Anthony Wreford-Brown

Personal information
- Full name: Anthony John Wreford-Brown
- Born: 26 October 1912 Thames Ditton, Surrey, England
- Died: 22 September 1997 (aged 84) St Germans, Cornwall, England
- Batting: Right-handed
- Relations: Charles Wreford-Brown (father) Oswald Wreford-Brown (brother)

Domestic team information
- 1934: Sussex
- 1934: Oxford University

Career statistics
| Competition | First-class |
| Matches | 5 |
| Runs scored | 146 |
| Batting average | 16.22 |
| 100s/50s | –/– |
| Top score | 39 |
| Balls bowled | – |
| Wickets | – |
| Bowling average | – |
| 5 wickets in innings | – |
| 10 wickets in match | – |
| Best bowling | – |
| Catches/stumpings | 2/– |
- Source: Cricinfo, 22 June 2012

= Anthony Wreford-Brown =

English cricketer

Anthony John Wreford-Brown (26 October 1912 - 22 September 1997) was an English cricketer. Wreford-Brown was a right-handed batsman. He was born at Thames Ditton, Surrey, and was educated at Charterhouse School.

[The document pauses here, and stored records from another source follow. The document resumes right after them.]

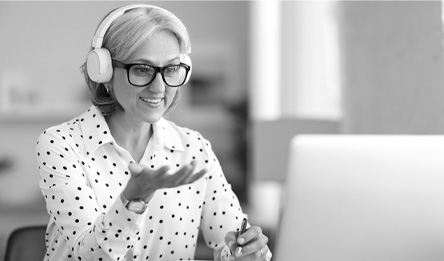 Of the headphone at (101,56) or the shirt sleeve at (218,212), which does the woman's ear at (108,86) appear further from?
the shirt sleeve at (218,212)

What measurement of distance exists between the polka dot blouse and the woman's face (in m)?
0.12

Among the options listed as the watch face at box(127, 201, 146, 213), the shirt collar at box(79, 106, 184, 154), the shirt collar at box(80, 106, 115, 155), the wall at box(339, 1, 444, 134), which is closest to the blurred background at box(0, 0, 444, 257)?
the wall at box(339, 1, 444, 134)

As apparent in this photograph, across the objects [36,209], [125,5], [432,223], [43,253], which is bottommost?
[36,209]

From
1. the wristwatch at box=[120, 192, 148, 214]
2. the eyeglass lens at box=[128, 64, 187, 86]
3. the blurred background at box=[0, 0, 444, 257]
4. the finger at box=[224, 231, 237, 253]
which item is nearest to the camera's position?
the wristwatch at box=[120, 192, 148, 214]

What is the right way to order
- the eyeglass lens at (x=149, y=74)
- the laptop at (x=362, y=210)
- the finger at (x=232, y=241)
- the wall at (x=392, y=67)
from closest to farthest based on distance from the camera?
the laptop at (x=362, y=210) < the finger at (x=232, y=241) < the eyeglass lens at (x=149, y=74) < the wall at (x=392, y=67)

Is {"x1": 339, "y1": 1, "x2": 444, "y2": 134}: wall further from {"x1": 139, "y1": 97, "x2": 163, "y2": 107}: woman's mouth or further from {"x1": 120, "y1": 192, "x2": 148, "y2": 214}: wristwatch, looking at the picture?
{"x1": 120, "y1": 192, "x2": 148, "y2": 214}: wristwatch

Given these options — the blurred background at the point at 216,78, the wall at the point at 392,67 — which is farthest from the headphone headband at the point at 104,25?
the blurred background at the point at 216,78

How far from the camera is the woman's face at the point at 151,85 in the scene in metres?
1.42

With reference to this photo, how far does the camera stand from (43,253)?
1654mm

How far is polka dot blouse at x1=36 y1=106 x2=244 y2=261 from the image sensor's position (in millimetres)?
1375

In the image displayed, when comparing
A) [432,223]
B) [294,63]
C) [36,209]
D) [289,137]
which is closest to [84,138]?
[432,223]

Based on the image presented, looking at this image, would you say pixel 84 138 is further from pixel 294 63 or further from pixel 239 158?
pixel 239 158

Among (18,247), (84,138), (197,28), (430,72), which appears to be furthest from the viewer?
(197,28)

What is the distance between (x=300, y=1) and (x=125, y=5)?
3067 mm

Wreford-Brown made his first-class debut for HDG Leveson Gower's XI in 1933, making two appearances against Oxford University and Cambridge University at The Saffrons. While studying at Worcester College, Oxford, he made two first-class appearances for the university in 1934, playing against Gloucestershire and Worcestershire, both at the University Parks. He also made a single first-class appearance in that same season for Sussex against Cambridge University at the County Ground, Hove. In total, he made five first-class appearances, scoring 146 runs at an average of 16.22, with a high score of 39.

He died at St Germans, Cornwall, on 22 September 1997. His father, Charles, played first-class cricket, as well as captaining England in association football. His uncle, Oswald, was also a first-class cricketer.